"Mr. Leiken! Mr. Leiken!"
A group of students rush up breathlessly, eyes gleaming with mischief. "Mr. Leiken," one of them gushes, "would you please sponsor our club?"
I look them over, I've seen them in the hallway, but I barely know these kids. Why the hell would anyone want me to sponsor a club?
Our school has a number of clubs: A dance club, a drama club, a chess club, a bible club, a gay and straight alliance club, a students run-LA club, a poetry club, a school spirit club, a leadership club, but to get a club you have to have a group of willing students and a teacher who is willing to sponsor them.
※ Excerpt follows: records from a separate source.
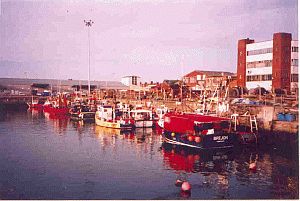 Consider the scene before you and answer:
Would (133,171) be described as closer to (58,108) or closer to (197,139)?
(197,139)

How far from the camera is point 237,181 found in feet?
56.3

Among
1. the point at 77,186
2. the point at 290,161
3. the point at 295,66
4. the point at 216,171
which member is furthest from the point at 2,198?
the point at 295,66

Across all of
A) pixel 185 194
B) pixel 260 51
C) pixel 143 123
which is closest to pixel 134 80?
pixel 260 51

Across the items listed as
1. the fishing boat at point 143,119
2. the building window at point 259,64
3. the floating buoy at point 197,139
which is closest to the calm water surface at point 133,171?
the floating buoy at point 197,139

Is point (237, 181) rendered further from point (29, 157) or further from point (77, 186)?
point (29, 157)

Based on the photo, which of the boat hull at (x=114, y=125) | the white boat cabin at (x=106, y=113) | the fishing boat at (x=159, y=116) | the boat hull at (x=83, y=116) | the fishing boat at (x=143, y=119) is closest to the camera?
the boat hull at (x=114, y=125)

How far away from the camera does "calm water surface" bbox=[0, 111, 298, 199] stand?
15.5m

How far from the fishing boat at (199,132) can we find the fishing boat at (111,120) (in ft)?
29.0

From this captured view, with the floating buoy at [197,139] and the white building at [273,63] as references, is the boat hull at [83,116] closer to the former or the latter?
the white building at [273,63]

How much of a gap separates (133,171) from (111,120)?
19.8m

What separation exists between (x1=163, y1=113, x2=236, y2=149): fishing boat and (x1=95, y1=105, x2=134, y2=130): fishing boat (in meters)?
8.83

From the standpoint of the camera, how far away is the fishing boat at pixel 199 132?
23.3 m

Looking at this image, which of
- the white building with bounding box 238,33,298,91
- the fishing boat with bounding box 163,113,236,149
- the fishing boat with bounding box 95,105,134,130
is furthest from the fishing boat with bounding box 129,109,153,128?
the white building with bounding box 238,33,298,91

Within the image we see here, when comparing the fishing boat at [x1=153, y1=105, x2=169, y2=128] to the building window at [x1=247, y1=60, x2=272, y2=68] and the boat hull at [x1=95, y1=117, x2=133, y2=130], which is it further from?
the building window at [x1=247, y1=60, x2=272, y2=68] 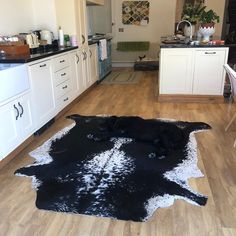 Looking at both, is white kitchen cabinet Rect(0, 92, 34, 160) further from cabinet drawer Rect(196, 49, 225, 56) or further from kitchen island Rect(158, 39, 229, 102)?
cabinet drawer Rect(196, 49, 225, 56)

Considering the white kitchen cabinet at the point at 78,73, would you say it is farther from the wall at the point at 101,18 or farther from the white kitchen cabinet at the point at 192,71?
the wall at the point at 101,18

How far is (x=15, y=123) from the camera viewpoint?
2.47 meters

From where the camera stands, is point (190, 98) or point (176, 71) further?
point (190, 98)

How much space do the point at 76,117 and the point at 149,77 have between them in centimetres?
303

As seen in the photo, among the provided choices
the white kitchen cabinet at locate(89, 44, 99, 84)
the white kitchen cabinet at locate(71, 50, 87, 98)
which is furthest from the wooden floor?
the white kitchen cabinet at locate(89, 44, 99, 84)

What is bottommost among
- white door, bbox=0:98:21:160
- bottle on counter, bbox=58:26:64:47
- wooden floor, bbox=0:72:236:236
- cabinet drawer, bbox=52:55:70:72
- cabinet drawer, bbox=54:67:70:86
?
wooden floor, bbox=0:72:236:236

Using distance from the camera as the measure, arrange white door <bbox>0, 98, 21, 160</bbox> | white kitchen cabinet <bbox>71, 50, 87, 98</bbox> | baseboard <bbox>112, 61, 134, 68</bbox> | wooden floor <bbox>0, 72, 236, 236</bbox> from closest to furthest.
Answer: wooden floor <bbox>0, 72, 236, 236</bbox>, white door <bbox>0, 98, 21, 160</bbox>, white kitchen cabinet <bbox>71, 50, 87, 98</bbox>, baseboard <bbox>112, 61, 134, 68</bbox>

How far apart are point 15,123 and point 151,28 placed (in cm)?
591

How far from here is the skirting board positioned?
4.11 metres

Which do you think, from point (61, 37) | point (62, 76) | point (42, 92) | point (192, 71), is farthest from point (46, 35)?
point (192, 71)

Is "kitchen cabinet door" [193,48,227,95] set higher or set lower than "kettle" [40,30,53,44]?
lower

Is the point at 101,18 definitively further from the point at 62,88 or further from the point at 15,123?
the point at 15,123

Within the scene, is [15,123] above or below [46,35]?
below

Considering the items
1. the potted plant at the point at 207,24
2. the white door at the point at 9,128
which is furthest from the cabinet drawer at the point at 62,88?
the potted plant at the point at 207,24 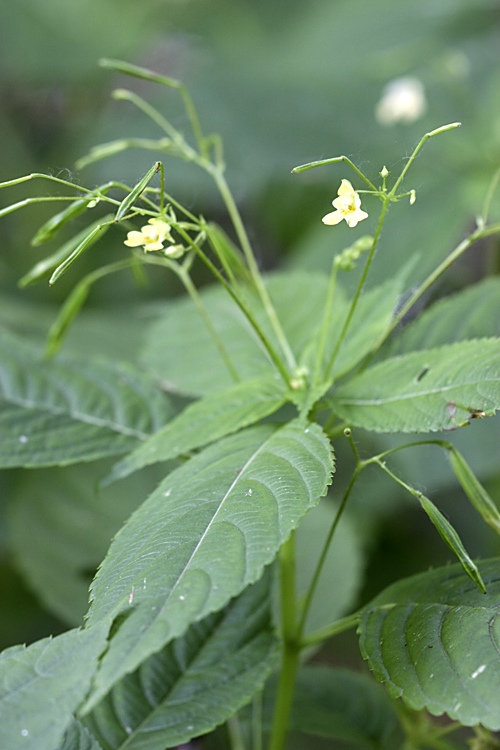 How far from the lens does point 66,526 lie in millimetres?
1056

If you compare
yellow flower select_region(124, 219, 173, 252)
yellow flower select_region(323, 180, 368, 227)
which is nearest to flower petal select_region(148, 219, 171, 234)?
yellow flower select_region(124, 219, 173, 252)

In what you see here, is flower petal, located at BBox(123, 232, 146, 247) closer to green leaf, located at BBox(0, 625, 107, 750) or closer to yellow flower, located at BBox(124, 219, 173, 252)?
yellow flower, located at BBox(124, 219, 173, 252)

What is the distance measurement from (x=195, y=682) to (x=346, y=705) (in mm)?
233

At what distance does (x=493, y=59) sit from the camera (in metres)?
2.04

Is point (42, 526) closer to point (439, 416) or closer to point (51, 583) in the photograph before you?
point (51, 583)

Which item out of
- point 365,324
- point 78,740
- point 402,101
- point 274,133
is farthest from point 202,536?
point 274,133

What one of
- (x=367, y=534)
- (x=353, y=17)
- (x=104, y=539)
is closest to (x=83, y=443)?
(x=104, y=539)

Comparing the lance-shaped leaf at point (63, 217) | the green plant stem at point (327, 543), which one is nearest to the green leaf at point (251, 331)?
the green plant stem at point (327, 543)

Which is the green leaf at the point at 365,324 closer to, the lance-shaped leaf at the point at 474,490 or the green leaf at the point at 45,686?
the lance-shaped leaf at the point at 474,490

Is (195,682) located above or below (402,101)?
below

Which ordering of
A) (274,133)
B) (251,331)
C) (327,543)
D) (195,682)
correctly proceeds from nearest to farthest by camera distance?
(327,543)
(195,682)
(251,331)
(274,133)

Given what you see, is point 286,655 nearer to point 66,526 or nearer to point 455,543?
point 455,543

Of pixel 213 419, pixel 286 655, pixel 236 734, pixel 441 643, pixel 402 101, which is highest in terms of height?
pixel 402 101

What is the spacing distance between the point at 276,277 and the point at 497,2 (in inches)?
62.9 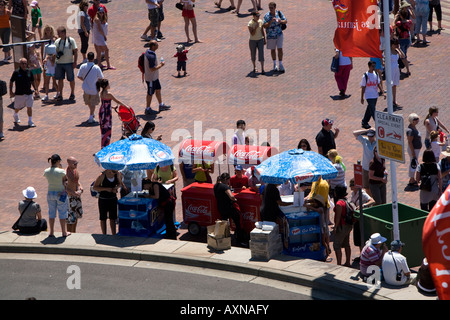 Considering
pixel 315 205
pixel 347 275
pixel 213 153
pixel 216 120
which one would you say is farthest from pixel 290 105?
pixel 347 275

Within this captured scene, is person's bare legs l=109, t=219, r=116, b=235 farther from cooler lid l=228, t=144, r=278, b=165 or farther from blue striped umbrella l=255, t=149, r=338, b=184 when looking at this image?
blue striped umbrella l=255, t=149, r=338, b=184

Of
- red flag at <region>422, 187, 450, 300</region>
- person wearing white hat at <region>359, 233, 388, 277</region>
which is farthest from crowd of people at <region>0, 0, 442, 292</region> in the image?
red flag at <region>422, 187, 450, 300</region>

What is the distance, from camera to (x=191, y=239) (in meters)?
16.9

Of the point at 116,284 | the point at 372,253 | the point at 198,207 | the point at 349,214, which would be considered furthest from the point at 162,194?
the point at 372,253

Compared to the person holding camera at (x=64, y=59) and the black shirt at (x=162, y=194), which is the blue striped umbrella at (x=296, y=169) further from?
the person holding camera at (x=64, y=59)

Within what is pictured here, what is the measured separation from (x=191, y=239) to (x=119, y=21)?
1648cm

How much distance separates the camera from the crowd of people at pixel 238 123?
16.1 meters

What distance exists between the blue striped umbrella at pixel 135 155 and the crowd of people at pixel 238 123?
0.38 meters

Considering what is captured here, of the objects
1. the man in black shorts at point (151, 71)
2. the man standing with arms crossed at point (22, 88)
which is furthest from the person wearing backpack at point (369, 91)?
the man standing with arms crossed at point (22, 88)

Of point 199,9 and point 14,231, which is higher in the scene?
point 199,9

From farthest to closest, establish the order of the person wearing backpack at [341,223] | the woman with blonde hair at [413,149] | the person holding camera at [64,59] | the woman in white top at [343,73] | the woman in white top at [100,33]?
the woman in white top at [100,33] < the person holding camera at [64,59] < the woman in white top at [343,73] < the woman with blonde hair at [413,149] < the person wearing backpack at [341,223] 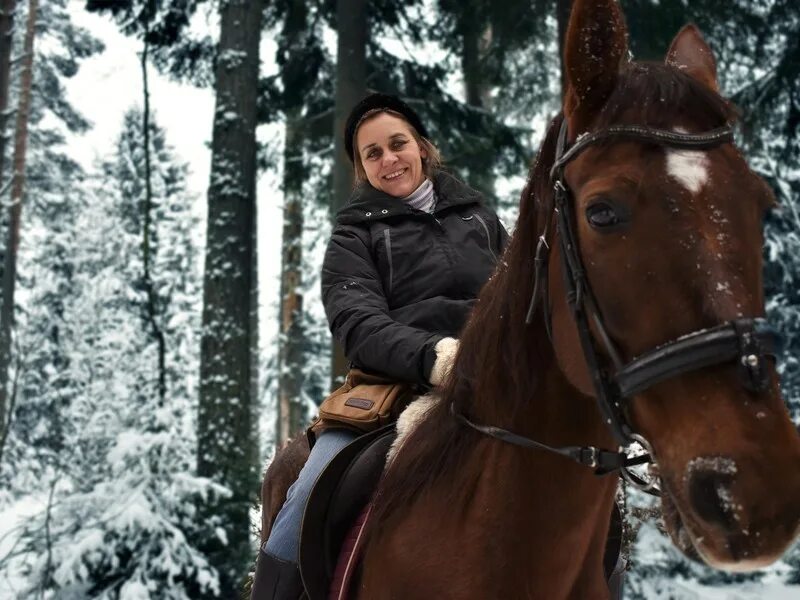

There is no way I am going to sponsor a club. Clubs require a tremendous amount of time and energy - organization, planning, an agenda. I briefly consider how to politely turn them down when Andy cuts me off.
"It's a comedy club."
"And we want you to run it," Brenda chimes in, "because you're funny."
My teeth clench into a rictis grin. Damn! They know my secret weakness! They told me I'm funny! Damn them! Damn them to hell!
How can I turn down the chance to teach the finer points of farce, the sublime of satire, the joy of a well told joke? I have become "Comic Book Guy", for now I can point out the difference between why King Arthur being covered in crap in The Holy Grail is humorous but Eddie Murphy farting in The Nutty Professor is not.
Running a comedy club is not work, it is a religious cause, a chance to train disciples in the essence, the wit, the gospel of humor. I cannot, will not turn them down. This is a crusade.
"Alright." I respond laconically. "How did you hear about me?"
The students gape. "Everyone knows about you. You're the pirate teacher!"
This is true. I am the pirate teacher.
The first day we meet in another teacher's room. We listen to George Lopez, Dane Cook, and Dave Chapelle, analyze how their routines work and why they are funny.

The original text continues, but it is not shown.